***** MATERIAL FOR THIS TASK *****

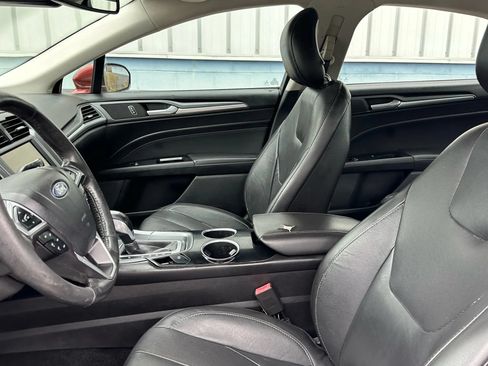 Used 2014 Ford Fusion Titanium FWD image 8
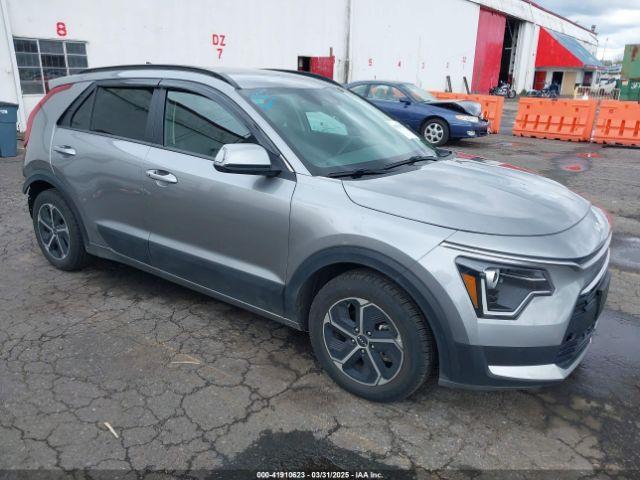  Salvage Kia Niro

*****
***** MATERIAL FOR THIS TASK *****

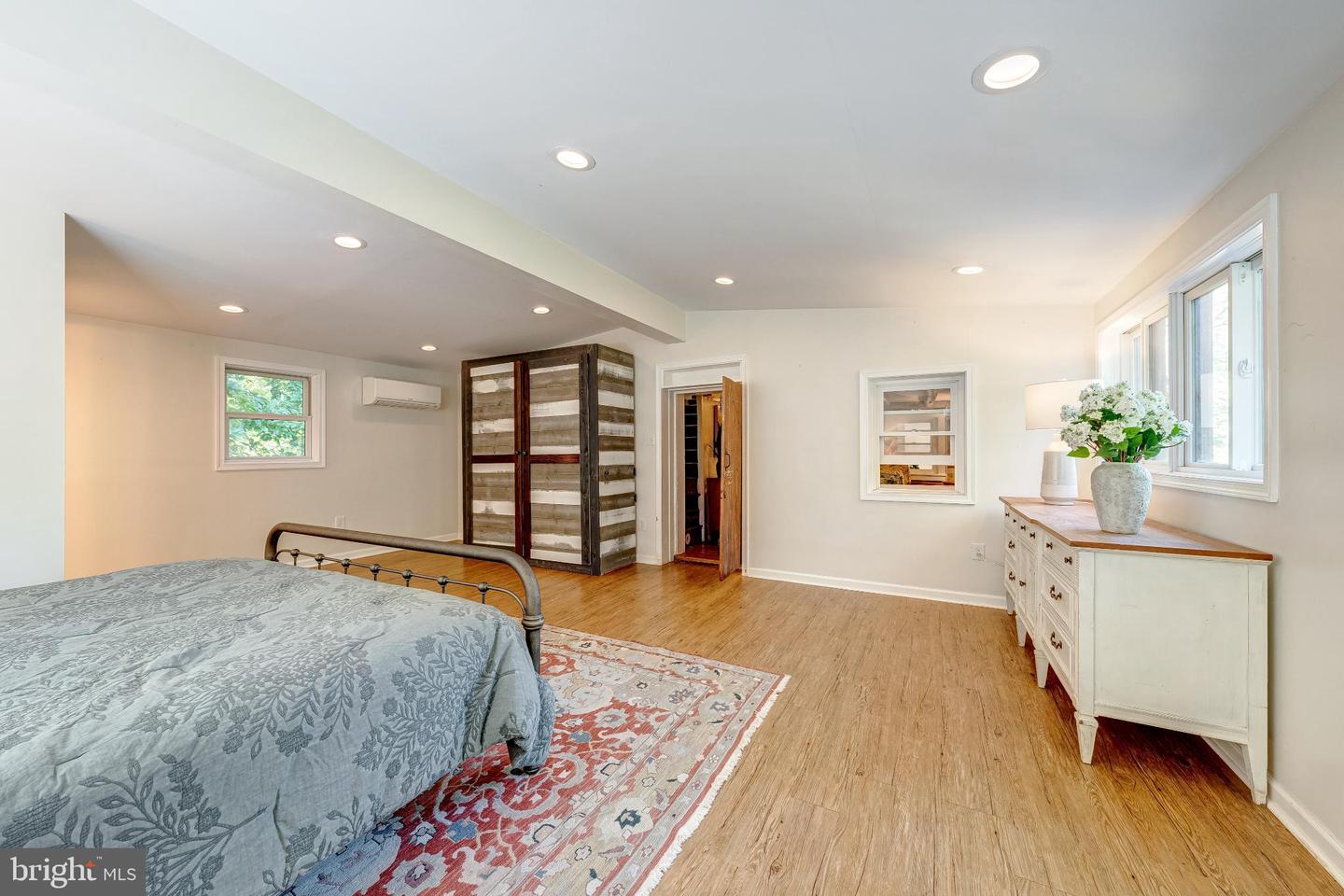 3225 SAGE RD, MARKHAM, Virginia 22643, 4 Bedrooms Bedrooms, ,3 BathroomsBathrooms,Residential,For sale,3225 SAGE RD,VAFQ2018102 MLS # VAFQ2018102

*****
***** MATERIAL FOR THIS TASK *****

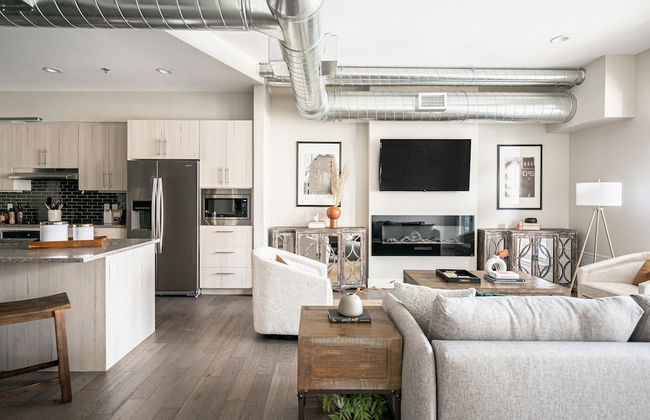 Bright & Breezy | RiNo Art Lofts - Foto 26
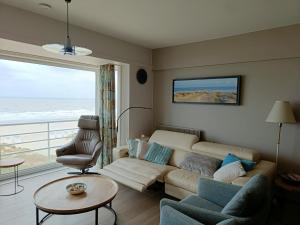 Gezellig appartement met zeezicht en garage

*****

# PROBLEM TO SOLVE
From the records above, transcribe exactly the lines starting at the one containing "Used 2014 Ford Fusion Titanium FWD image 8" and ending at the one containing "Salvage Kia Niro". Skip the pictures.

# SOLUTION TO THE PROBLEM
 Used 2014 Ford Fusion Titanium FWD image 8
  Salvage Kia Niro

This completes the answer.